Theory seminar (Tuesday May 2 1:30 -- 2:30 in CSE 403)


TIME: 11:00am--noon,  May 9, 2006

PLACE: CSE 503

TITLE:  Model free stability results in clustering
		     and
Intransitivity and machine learning -- some open problems

SPEAKER:  Marina Meila,  University of Washington

ABSTRACT:


This is a two part talk. The first (and longest) part will present
some new results on clustering. The second part (cca 15 minutes) will
describe some problems that have captured my interest recently.

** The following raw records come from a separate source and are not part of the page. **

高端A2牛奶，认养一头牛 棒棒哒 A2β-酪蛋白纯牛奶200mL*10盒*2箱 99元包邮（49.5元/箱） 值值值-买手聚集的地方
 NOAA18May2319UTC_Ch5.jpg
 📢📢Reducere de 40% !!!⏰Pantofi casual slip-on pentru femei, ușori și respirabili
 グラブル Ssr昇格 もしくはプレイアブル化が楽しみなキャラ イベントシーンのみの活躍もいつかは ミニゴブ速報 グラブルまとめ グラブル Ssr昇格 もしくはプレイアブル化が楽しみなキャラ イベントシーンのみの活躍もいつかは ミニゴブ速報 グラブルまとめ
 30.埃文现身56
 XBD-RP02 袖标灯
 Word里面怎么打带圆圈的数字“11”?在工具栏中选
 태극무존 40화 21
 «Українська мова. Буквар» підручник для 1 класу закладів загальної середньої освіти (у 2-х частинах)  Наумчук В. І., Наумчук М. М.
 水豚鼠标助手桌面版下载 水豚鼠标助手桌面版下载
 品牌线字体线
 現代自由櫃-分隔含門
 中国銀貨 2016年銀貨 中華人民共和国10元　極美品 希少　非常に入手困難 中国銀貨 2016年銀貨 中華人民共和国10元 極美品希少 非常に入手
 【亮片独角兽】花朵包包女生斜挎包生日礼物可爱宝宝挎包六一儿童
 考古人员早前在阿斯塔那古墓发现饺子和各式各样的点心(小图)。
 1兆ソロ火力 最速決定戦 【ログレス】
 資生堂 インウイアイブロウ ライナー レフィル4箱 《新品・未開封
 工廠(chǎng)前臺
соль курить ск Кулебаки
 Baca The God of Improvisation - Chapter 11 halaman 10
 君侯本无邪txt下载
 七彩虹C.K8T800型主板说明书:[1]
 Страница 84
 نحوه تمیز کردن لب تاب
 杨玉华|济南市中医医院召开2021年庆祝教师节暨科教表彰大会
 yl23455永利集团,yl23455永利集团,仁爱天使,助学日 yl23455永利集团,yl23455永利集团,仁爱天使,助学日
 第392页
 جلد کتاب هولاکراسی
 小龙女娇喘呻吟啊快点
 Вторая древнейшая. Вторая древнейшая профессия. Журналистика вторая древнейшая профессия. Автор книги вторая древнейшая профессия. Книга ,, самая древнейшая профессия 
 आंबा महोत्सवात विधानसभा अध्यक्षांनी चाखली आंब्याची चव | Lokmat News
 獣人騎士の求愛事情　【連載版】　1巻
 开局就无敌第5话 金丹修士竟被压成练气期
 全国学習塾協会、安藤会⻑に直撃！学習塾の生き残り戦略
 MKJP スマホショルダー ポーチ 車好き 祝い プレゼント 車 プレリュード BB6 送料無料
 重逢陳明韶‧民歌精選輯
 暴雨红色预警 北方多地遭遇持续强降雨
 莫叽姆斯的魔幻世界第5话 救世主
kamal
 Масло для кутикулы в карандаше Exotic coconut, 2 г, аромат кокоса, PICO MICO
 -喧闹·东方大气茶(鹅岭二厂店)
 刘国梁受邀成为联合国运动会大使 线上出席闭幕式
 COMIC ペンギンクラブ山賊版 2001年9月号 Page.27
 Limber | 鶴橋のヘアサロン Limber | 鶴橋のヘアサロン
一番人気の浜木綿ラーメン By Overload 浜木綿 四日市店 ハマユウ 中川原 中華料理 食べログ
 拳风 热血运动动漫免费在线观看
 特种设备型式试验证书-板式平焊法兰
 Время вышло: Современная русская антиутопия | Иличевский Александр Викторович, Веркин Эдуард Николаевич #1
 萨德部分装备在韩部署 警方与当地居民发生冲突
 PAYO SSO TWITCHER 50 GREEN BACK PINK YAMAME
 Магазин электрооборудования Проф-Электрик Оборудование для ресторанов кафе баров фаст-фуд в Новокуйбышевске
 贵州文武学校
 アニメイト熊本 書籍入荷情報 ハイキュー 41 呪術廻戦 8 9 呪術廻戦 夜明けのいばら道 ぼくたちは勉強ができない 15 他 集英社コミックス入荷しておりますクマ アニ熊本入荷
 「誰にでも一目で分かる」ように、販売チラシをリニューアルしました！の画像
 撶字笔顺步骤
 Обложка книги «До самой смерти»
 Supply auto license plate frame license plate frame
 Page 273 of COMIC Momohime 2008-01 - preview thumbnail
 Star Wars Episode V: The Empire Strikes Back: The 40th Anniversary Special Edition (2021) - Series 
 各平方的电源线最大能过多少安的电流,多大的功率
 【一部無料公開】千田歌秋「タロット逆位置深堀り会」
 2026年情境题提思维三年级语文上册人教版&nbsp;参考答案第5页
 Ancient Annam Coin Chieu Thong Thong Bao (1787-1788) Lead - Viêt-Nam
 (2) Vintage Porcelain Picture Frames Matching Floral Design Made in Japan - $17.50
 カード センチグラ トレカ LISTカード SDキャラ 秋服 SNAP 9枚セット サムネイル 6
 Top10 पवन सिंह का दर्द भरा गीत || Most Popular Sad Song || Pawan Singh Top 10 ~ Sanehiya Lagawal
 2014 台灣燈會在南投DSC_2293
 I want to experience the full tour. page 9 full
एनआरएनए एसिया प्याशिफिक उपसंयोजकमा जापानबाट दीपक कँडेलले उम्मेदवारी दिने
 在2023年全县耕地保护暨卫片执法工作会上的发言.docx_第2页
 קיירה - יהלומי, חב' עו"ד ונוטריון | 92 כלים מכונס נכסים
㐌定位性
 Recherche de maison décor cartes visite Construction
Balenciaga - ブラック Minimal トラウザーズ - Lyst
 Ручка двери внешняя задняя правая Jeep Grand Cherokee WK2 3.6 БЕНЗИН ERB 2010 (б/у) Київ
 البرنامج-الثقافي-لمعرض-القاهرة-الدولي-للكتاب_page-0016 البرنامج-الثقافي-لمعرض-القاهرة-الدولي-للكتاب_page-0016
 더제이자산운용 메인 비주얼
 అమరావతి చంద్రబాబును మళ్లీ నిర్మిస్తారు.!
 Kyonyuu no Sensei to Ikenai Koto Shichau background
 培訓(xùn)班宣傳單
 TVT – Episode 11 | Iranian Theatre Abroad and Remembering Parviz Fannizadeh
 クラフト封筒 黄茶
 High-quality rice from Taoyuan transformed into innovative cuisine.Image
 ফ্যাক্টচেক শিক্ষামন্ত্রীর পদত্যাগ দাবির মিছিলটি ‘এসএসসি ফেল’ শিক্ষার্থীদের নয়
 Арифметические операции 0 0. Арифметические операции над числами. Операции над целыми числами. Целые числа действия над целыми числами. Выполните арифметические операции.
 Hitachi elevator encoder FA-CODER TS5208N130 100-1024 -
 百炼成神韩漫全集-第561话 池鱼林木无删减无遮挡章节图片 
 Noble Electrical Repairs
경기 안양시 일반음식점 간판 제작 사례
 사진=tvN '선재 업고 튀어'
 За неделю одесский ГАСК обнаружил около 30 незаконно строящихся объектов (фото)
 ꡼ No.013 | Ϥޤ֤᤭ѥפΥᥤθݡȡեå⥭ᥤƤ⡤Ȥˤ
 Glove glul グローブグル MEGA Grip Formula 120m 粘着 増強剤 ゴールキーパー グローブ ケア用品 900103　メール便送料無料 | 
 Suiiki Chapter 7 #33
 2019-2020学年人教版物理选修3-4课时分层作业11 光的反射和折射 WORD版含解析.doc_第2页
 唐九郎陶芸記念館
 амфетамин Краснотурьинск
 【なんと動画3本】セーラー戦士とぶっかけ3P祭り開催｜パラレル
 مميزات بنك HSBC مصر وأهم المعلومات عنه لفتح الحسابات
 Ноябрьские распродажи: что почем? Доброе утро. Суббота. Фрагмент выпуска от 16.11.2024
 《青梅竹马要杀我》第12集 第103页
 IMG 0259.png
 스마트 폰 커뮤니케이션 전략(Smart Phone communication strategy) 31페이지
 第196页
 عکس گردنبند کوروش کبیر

Model free stability results in clustering:

If we have found a "good" clustering C of data set X, can we prove
that C is not far from the (unknown) best clustering C* of this data
set? Perhaps surprisingly, the answer to this question is sometimes
yes. We can show bounds on the distance( C, C* ) for two clustering
cost functions: the Normalized Cut and the squared distance cost of
K-means clustering. These bounds exist in the case when the data X
admits a "good" clustering for the given cost.

Intransitivity and machine learning -- some open problems: 

This reasearch deals with making a choice between m>2 alternatives,
like in multiway classification, or in decision making, from a set of
pairwise preferences between objects (or the outputs of a set of
binary classifiers). The graph of preferences is not necessarily
transitive. What is then the "best choice"? This is just one example
of how intransitivity can arise in multiway decision problems. I will
describe some other sources of intransitivity. While these sources
have been long identified, little has been done to construct
algorithms that "invert the models", i.e finding the hidden
combination of causes that produced a set of observed (intransitive)
preferences. [Joint work with Jeff Bilmes]